Use your loaf: French bakery tackles food waste through ‘upgraded ingredients’

Use your loaf: French bakery tackles food waste through ‘upgraded ingredients’
Every year 10m tons of food is wasted in France. The economic cost is a staggering €16bn a year. The environmental cost is also significant. French food waste produces 15.3m tonnes of CO2 each year, 3% of the country’s total carbon emissions.

Specialising in the production of organic breads in Loire-Atlantique, La Panetière des Hameaux hopes to help tackle the problem and has adopted a zero waste approach across its business.

The company, which operates two organic bakeries in Nantes and Pornic, has been trying to ‘upgrade’ bread that has gone stale and would otherwise be sent to landfill ‘for a long time’, co-manager Quentin Allonville told FoodNavigator.

La Panetière des Hameaux’s first efforts saw it working on a beer project ‘but we soon realized that we were going to be producing waste with the spent grain’, Allonville told FoodNavigator. The organic bakery wanted more.

Allonville initially struck on an idea to up-cycle stale bread into other baked goods at a bread fair in Paris. “I saw a company that allowed hard bread to be crushed very finely. It was then that the idea of being able to bake cookies began to take shape.”

It was at this time that Allonville met the Handicap Travail Solidarité (HTS), an association that the professional development of people with disabilities. “It was the start of a long collaboration…”

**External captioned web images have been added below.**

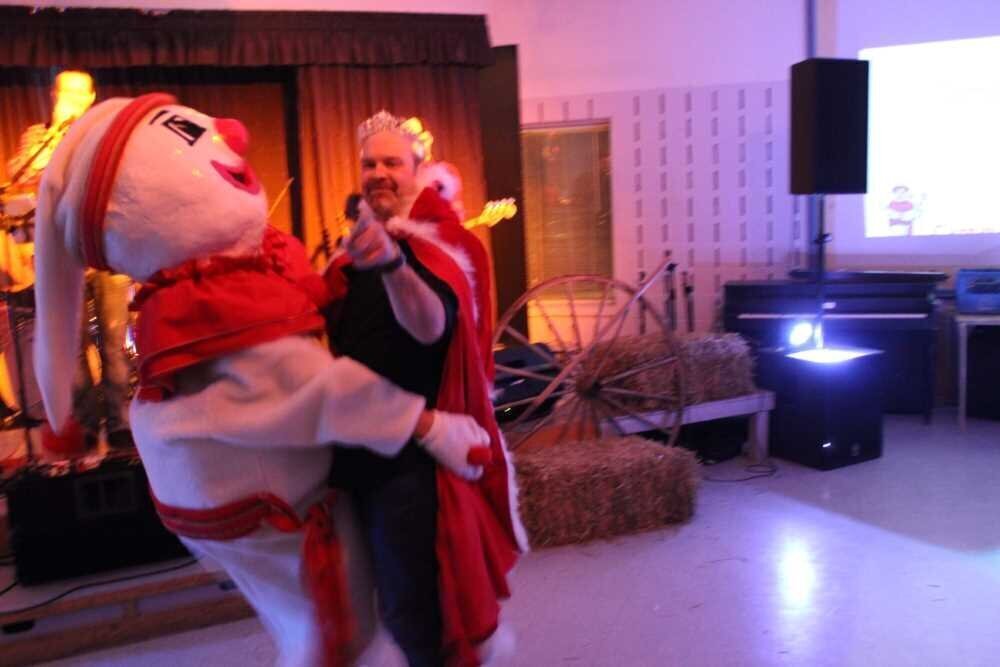 En 2016, bonhomme qui semble bien aimer la personne nommée comme reine cette année-là…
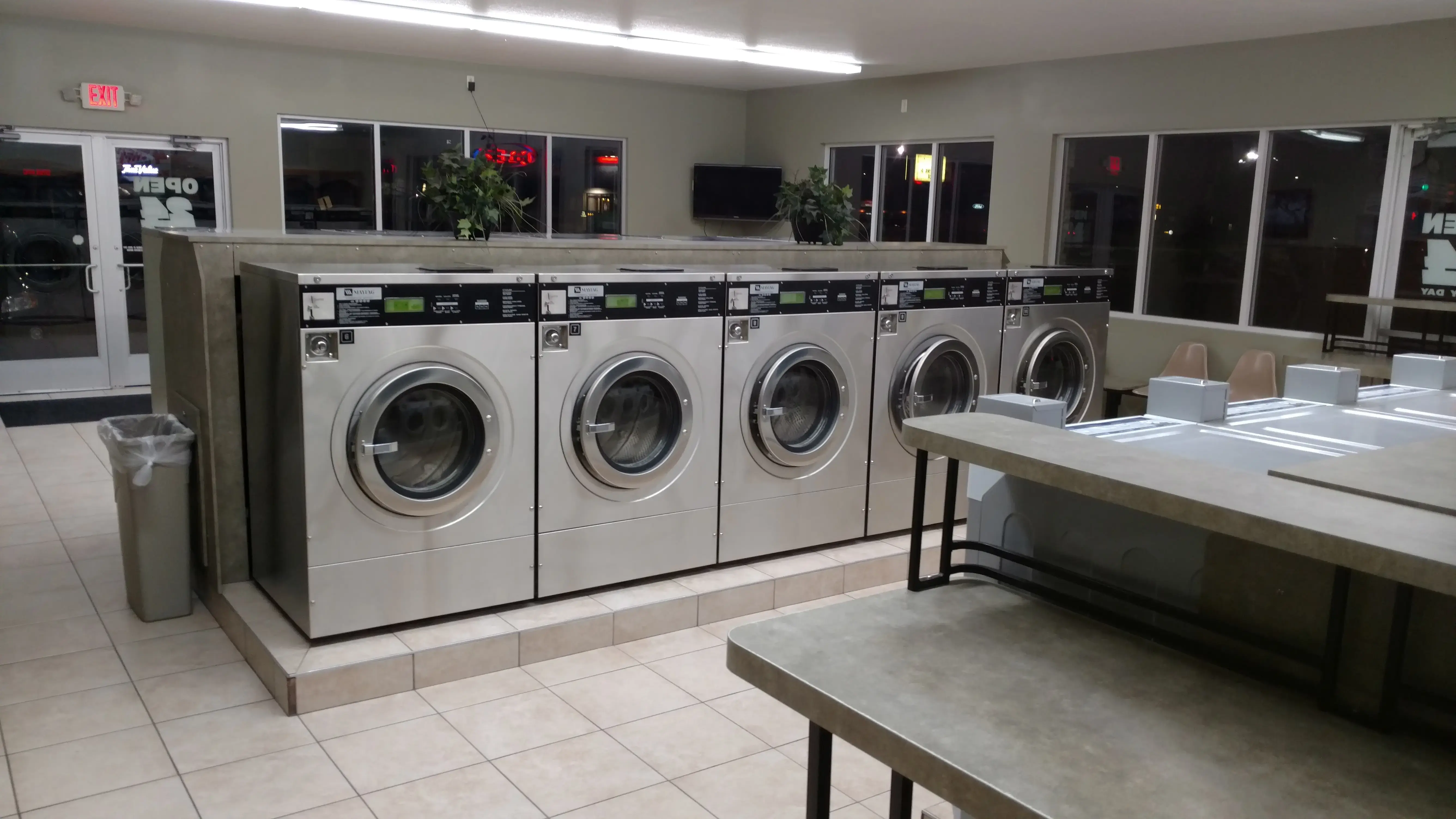 Mega Coin Laundry thumbnail 12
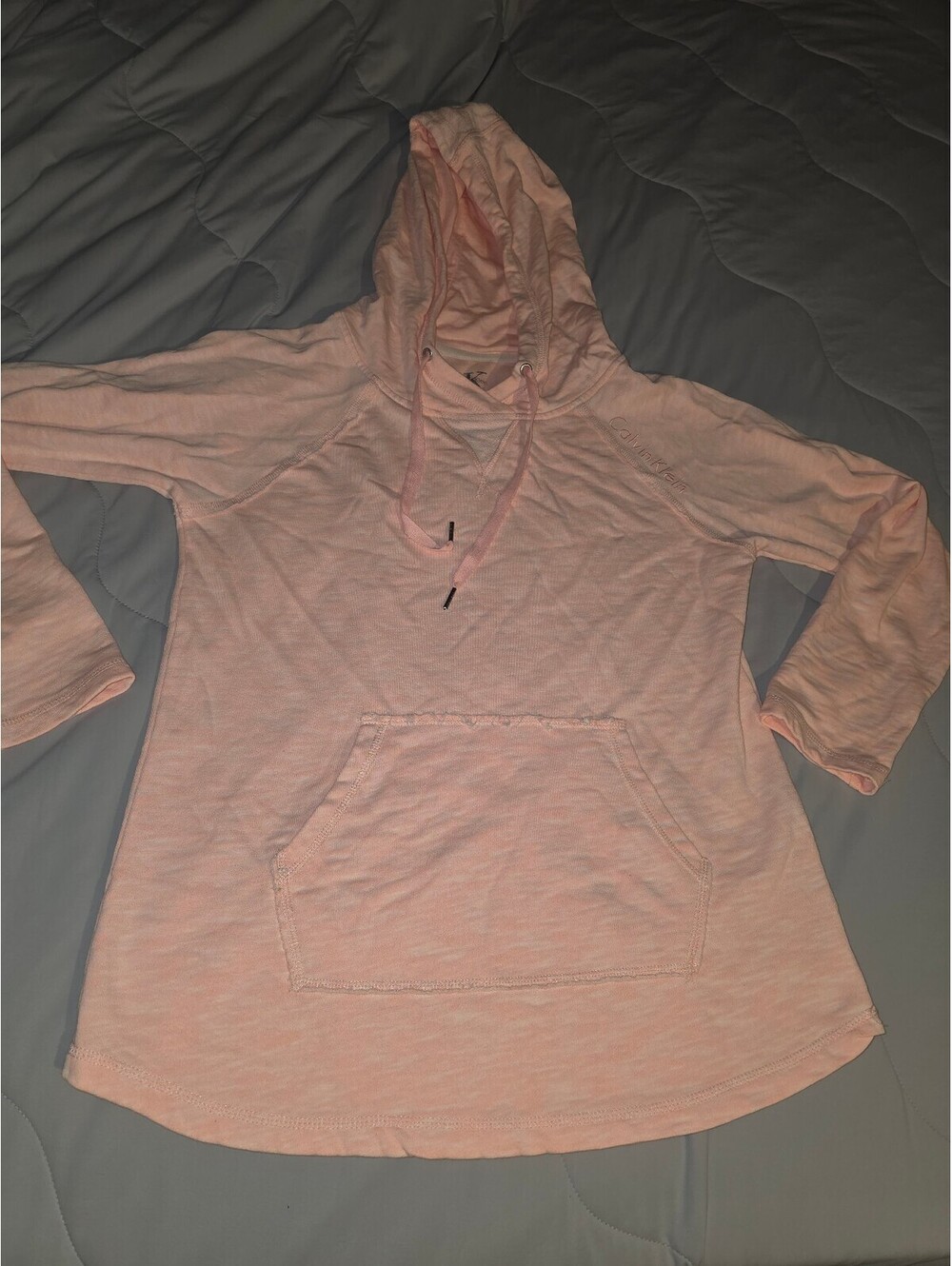 Calvin Klein Women's Lightweight Pink Hoodie Size small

Le Pagachis: One smart cookie

Cookie brand Le Pagachis is the result of two years development work which was carried out by La Panetière des Hameaux in collaboration with HTS.

La Panetière des Hameaux started out with a set of ‘demanding’ specifications: the cookies must be tasty, 100% organic and designed with ingredients primarily of local origin.

The innovation team worked alongside ONIRIS, a national agro-food school located in Nantes that provided access to semi-industrial machines.

“Our bakery teams worked hand-in-hand with the HTS association teams and also our partner ESAT [‘establishment and service of assistance through work’] to define the best recipe,”​ Allonville explained. “Along the way, we wanted to involve private and professional customers as well as chefs in order to modify our recipe as we receive feedback, according to the AGILE method.”

Pagachis cookies use stale bread in their recipe - Pic - La Panetière des Hameaux

Pagachis cookies use stale bread in their recipe / Pic: La Panetière des Hameaux

By working with HTS and the ESAT, Le Pagachis cookies promote the integration of people with disabilities into the workplace.

The ESAT collects unsold bread and crushes it to make breadcrumbs. Then, from the recipe created and tested by the bakers of the Panetière des Hameaux, the ESAT workers prepare, transform and bake the cookies.

Allonville believes that a collaborative approach to innovation proved a great strength for La Panetière des Hameaux. “We gave our products to several chefs and a few potential customers [to sample]. The feedback was very good straight away.”

And the feedback from consumers has proven equally positive. Le Pagachis cookies are sold in through the bilk departments of Les Hameaux Bio stores. “We have risen to second place among the best-selling bulk cookies,”​ Allonville noted.

High hopes for scale-up opportunity

The business model is celebrating its one-year anniversary and, in that time, nearly 111 kg of bread has been saved from waste.

Allonville hopes this is just the beginning.

“Our ambition now is to build a semi-industrial biscuit factory, still in partnership with the HTS association and the ESATs around Nantes. Cookies and machines will always be fully controlled by workers with disabilities. Our ambition is to distribute this cookie nationally in bulk grocery stores, neighbourhood boutiques or specialty stores.”

The social entrepreneur also things there is scope to extend this approach to different foods that would otherwise be wasted. “We are already thinking about other [wasted] products to add more ‘upgraded ingredients’ in our recipes, in particular beer grains. So, the story comes full circle.”